> _Your task_:
Make an exact copy of all the data, pictures excluded.

> _Input data_:
□ □ □ □ □
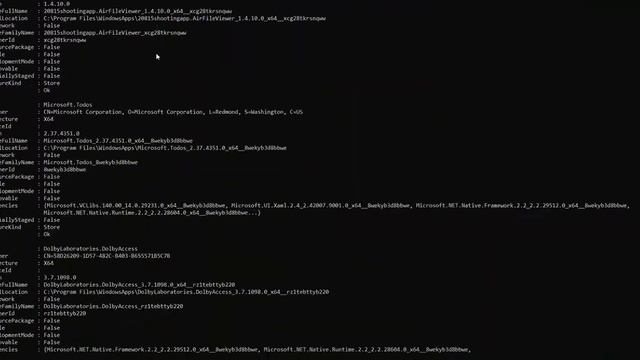 Administrator Command Prompt powershell 2021 02 06 19 43 31 смотреть онлайн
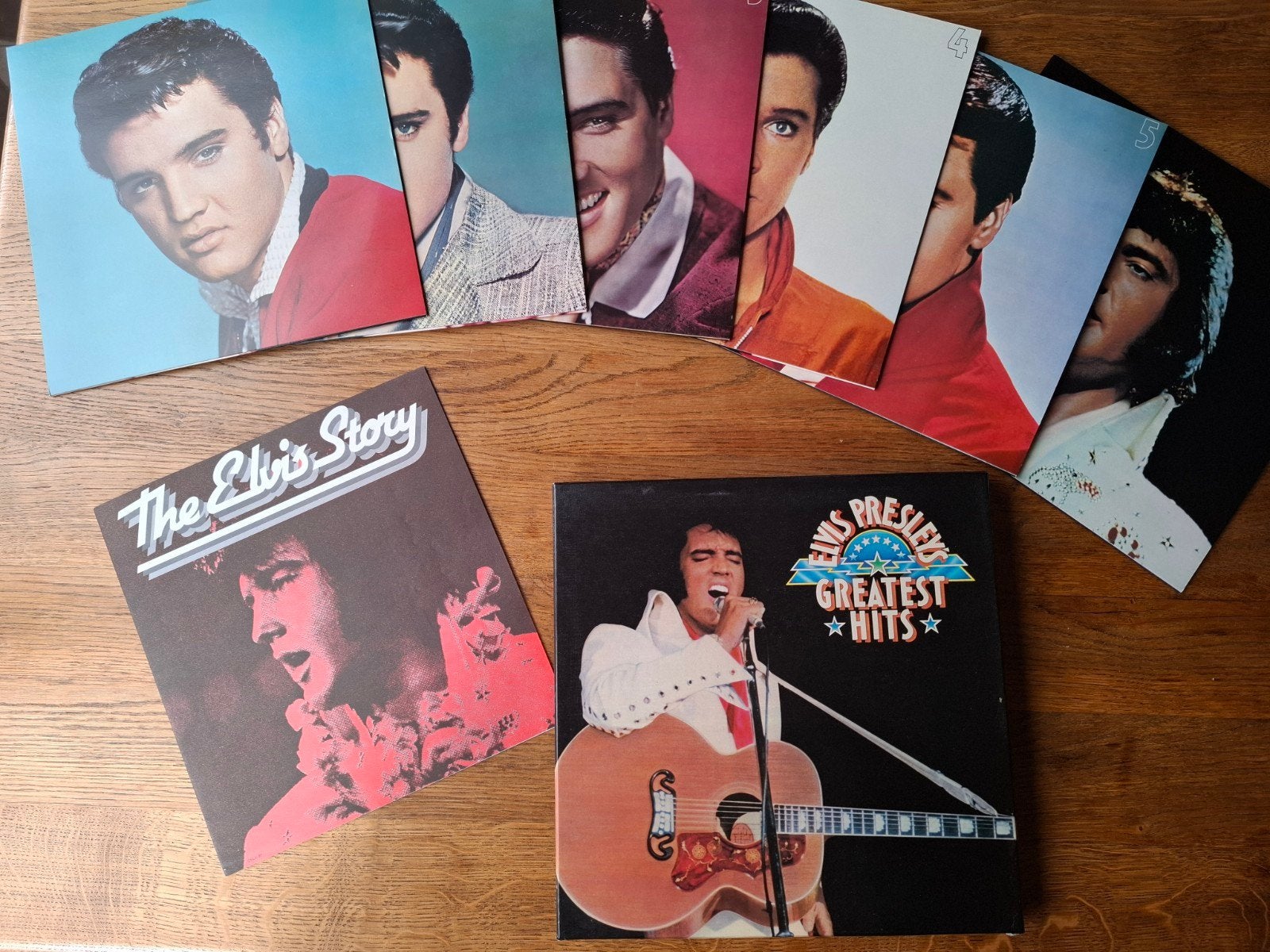 Elvis Presley LP collectie 71 stuks, LP, Rock, Gebruikt, Ophalen of Verzenden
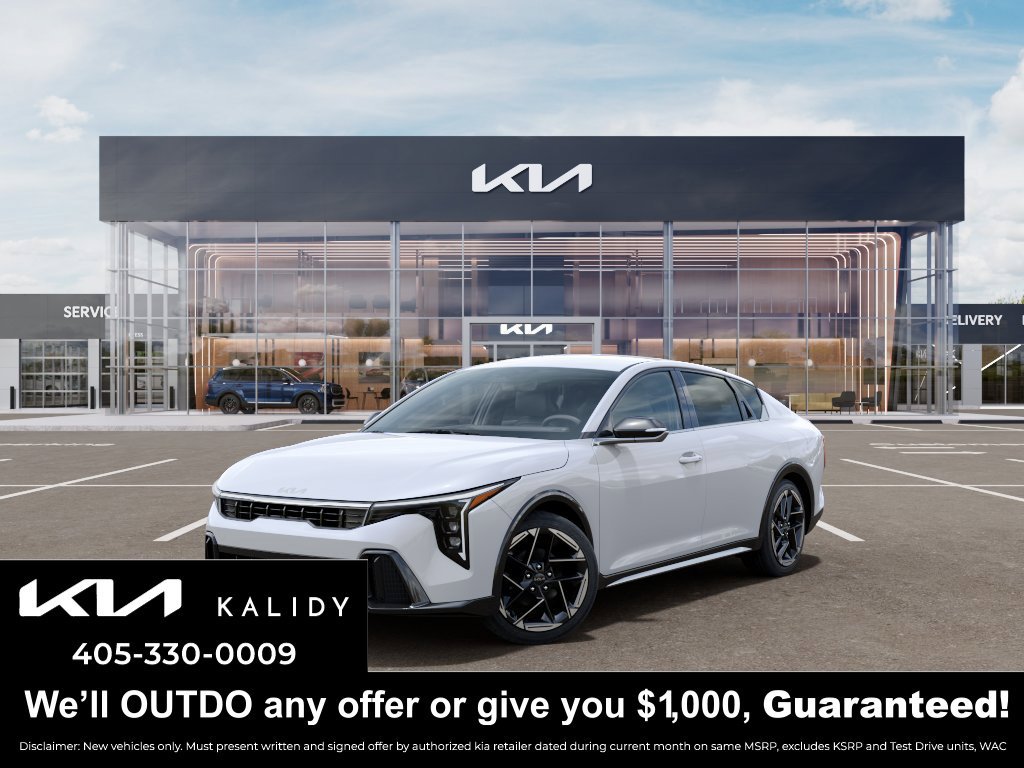 New 2027 Kia K4 GT-Line FWD image 1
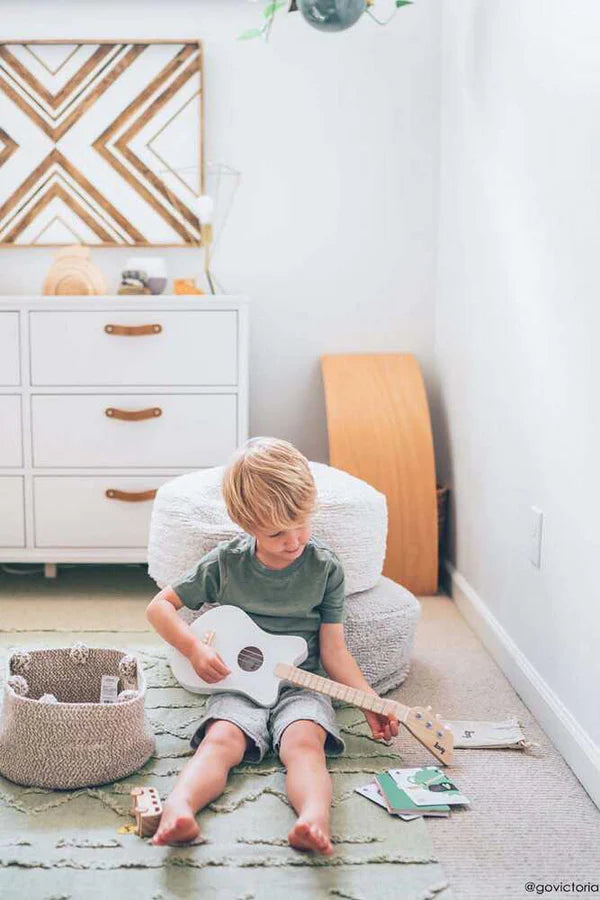 POUF CHILL PEARL GREY Little Wonder & Co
□ □ □ □ □
> _Written answer_:
 Administrator Command Prompt powershell 2021 02 06 19 43 31 смотреть онлайн
 Elvis Presley LP collectie 71 stuks, LP, Rock, Gebruikt, Ophalen of Verzenden
 New 2027 Kia K4 GT-Line FWD image 1
 POUF CHILL PEARL GREY Little Wonder & Co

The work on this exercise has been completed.